Problem requirements:
Because only the text is wanted, repeat the records below exactly and omit the pictures.

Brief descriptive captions
Content starts

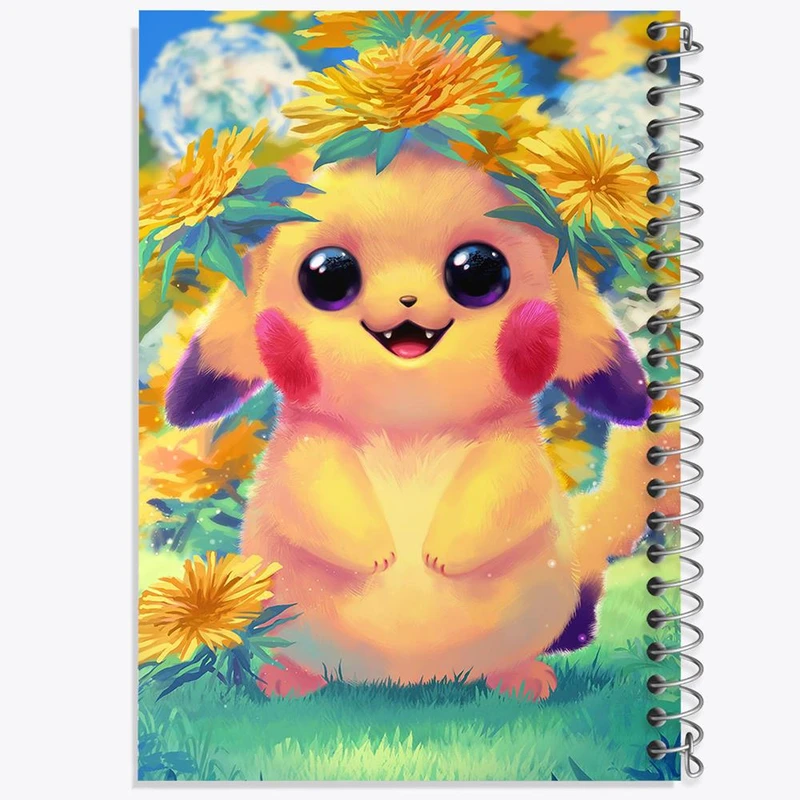 دفتر ژورنال نویسی 50 برگ خندالو مدل نقطه ای طرح پیکاچو انیمه پوکمون کد 17360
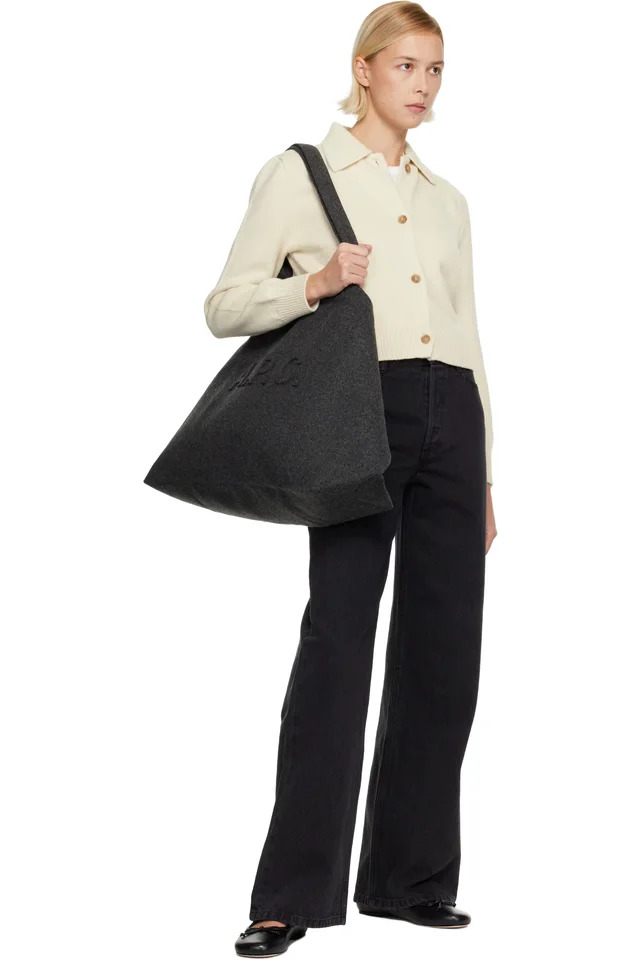 A.P.C. Black Elisabeth Jeans, photo 4 of 4 from SSENSE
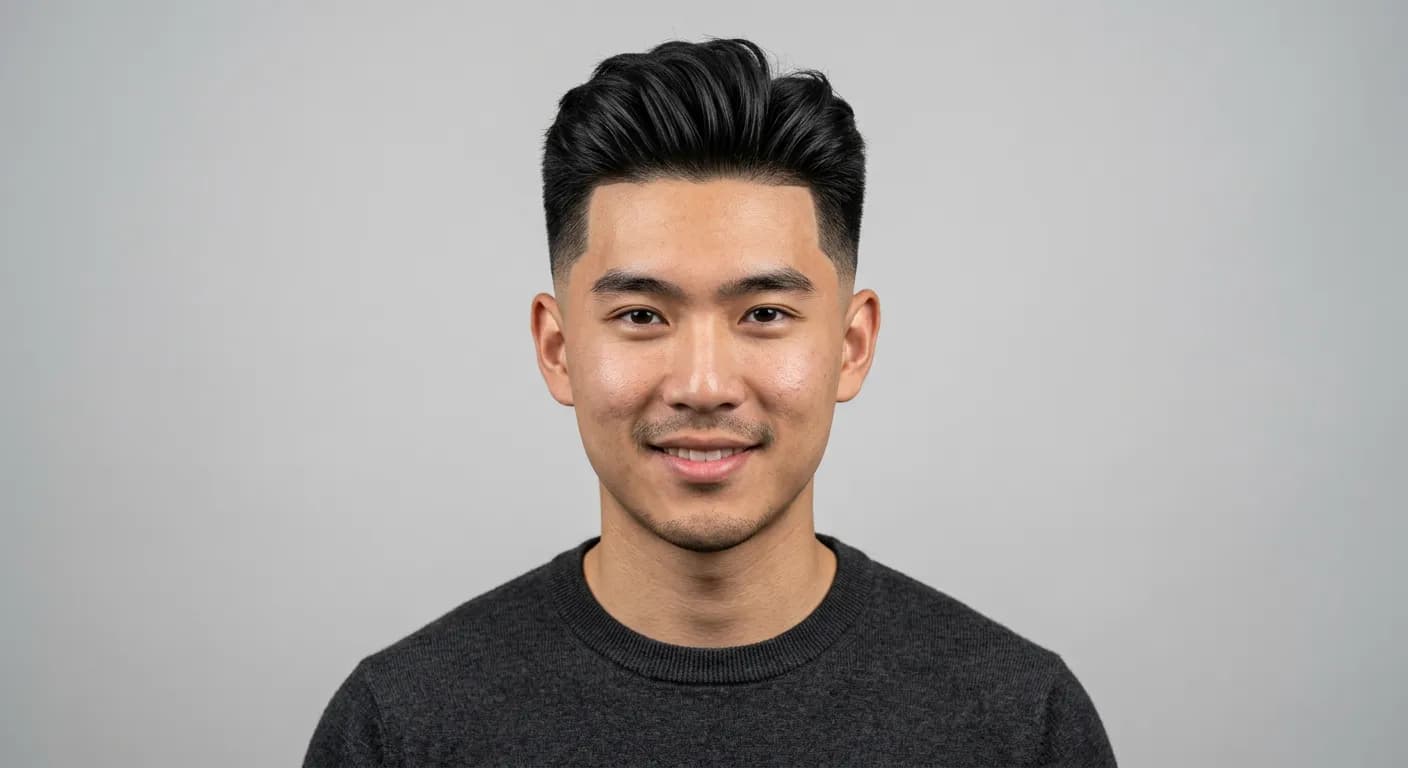 taper haircut men hairstyle photo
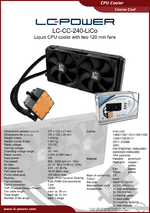 Datasheet CPU cooler LC-CC-240-LiCo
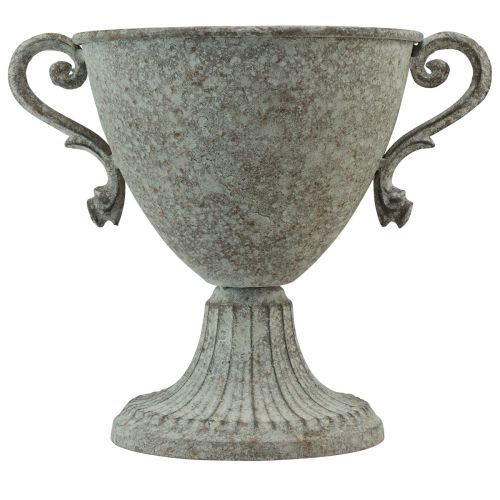 daiktų Dekoratyvinis trofėjus su rankena metalinis rudas baltas Ø15cm H19,5cm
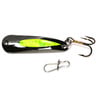 Custom Jigs & Spins Slender Spoon Ice Fishing Spoon - Black/Chartreuse, 1/16oz - Black/Chartreuse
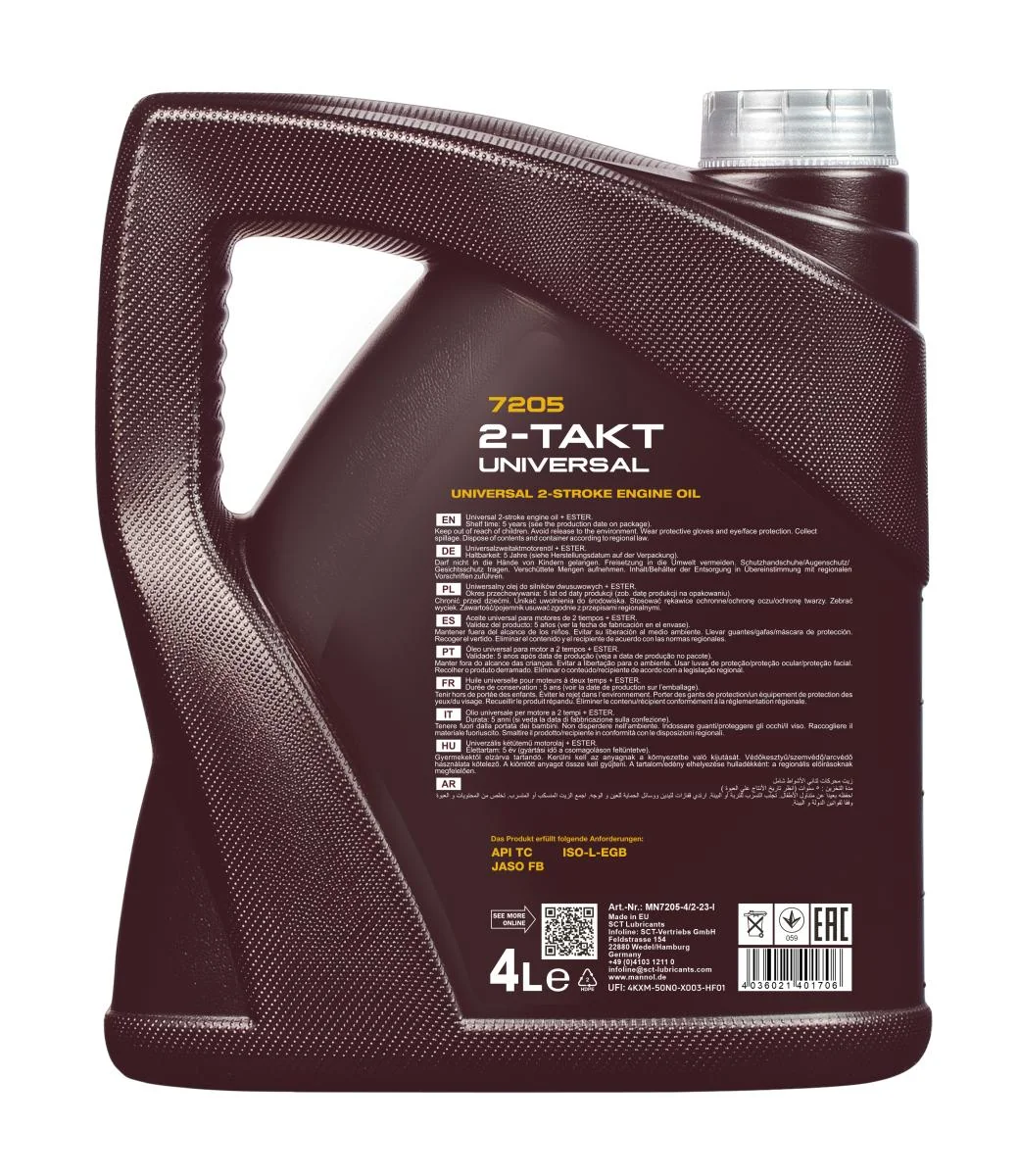MANNOL® - MN72054 - 2-Takt Universal 4L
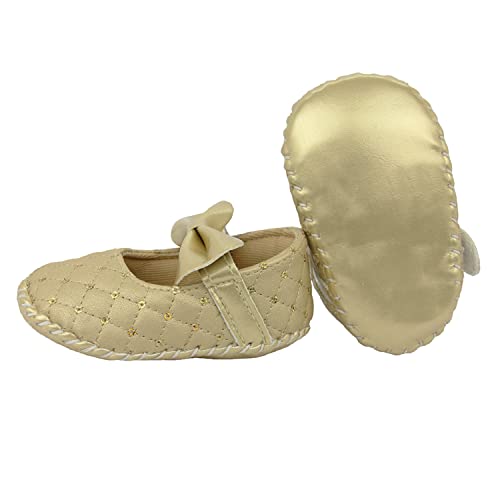 Image of Neska Moda 6 To 12 Months Baby Girls Synthetic Leather Self design Sandal Booties-BT1620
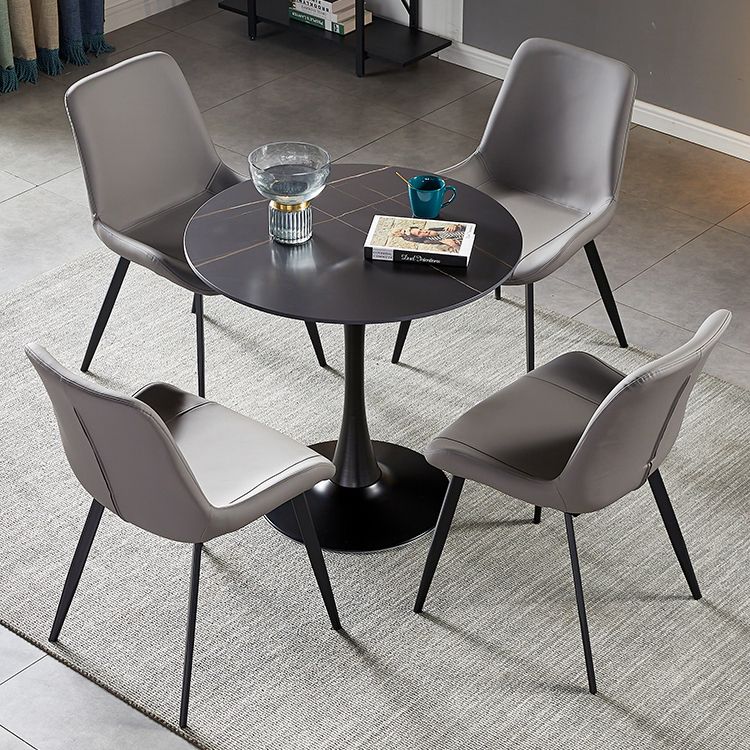 Modern Style Sintered Stone Dining Room Table Round Table with Tulip Base Clearhalo ' dining_table' 'Dining Tables & Seating' 'Dining Tables' 'furn' 'furn_dining_table' 'Furniture' 'furniture_dining_table' 'Kitchen & Dining Furniture' 'kitchen&dining_furn' 'kitchen' 'kitchen_dining_table' 1200x1200_da18227c-a4cd-4390-93dd-8e8e73be5d2b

Content ends

Task response:
 دفتر ژورنال نویسی 50 برگ خندالو مدل نقطه ای طرح پیکاچو انیمه پوکمون کد 17360
 A.P.C. Black Elisabeth Jeans, photo 4 of 4 from SSENSE
 taper haircut men hairstyle photo
 Datasheet CPU cooler LC-CC-240-LiCo
 daiktų Dekoratyvinis trofėjus su rankena metalinis rudas baltas Ø15cm H19,5cm
 Custom Jigs & Spins Slender Spoon Ice Fishing Spoon - Black/Chartreuse, 1/16oz - Black/Chartreuse
MANNOL® - MN72054 - 2-Takt Universal 4L
 Image of Neska Moda 6 To 12 Months Baby Girls Synthetic Leather Self design Sandal Booties-BT1620
 Modern Style Sintered Stone Dining Room Table Round Table with Tulip Base Clearhalo ' dining_table' 'Dining Tables & Seating' 'Dining Tables' 'furn' 'furn_dining_table' 'Furniture' 'furniture_dining_table' 'Kitchen & Dining Furniture' 'kitchen&dining_furn' 'kitchen' 'kitchen_dining_table' 1200x1200_da18227c-a4cd-4390-93dd-8e8e73be5d2b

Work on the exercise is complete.